### DATA PROVIDED
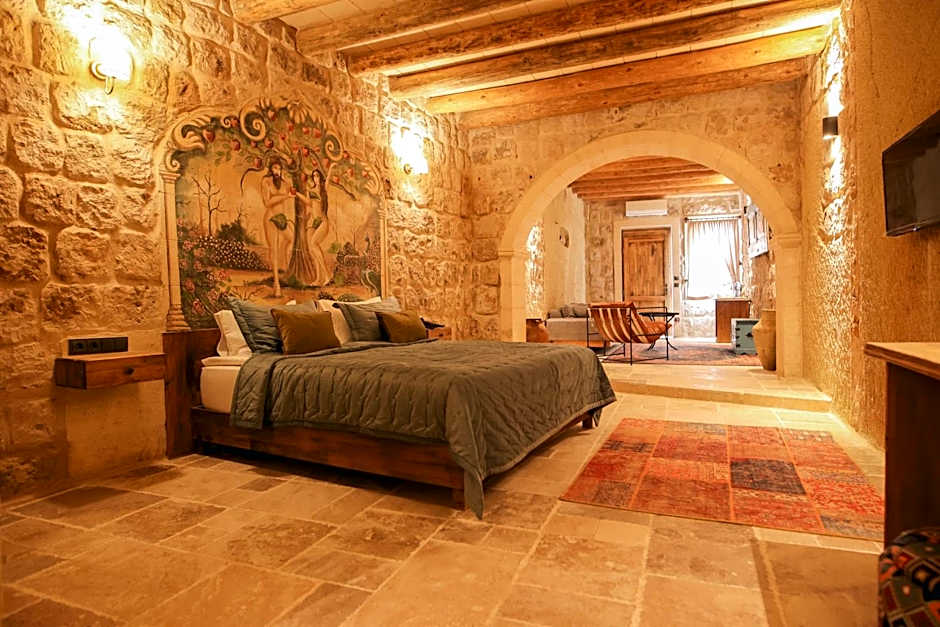 Cappadocia Vita Cave Hotel
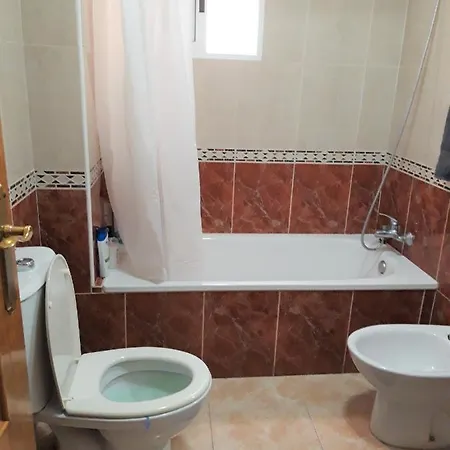 아파트 Flat -10 From Beach -2 Bedroom-balcony *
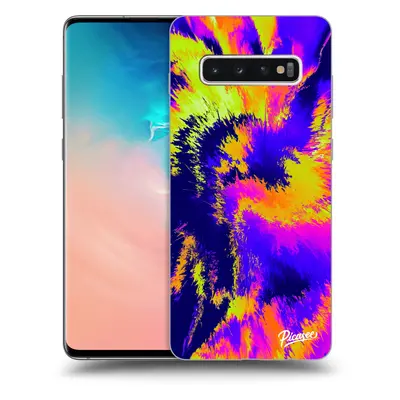 ULTIMATE CASE Samsung Galaxy S10 Plus G975 - készülékre - Burn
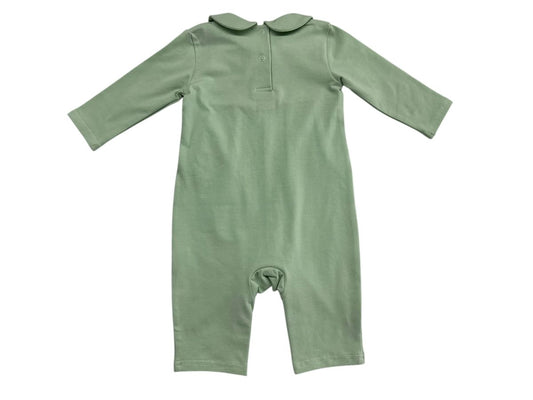 Sage Romper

### TASK TO COMPLETE
The expected answer is the whole listing above, copied exactly, with images excluded.

### RESPONSE TO THE EXERCISE
 Cappadocia Vita Cave Hotel
 아파트 Flat -10 From Beach -2 Bedroom-balcony *
 ULTIMATE CASE Samsung Galaxy S10 Plus G975 - készülékre - Burn
 Sage Romper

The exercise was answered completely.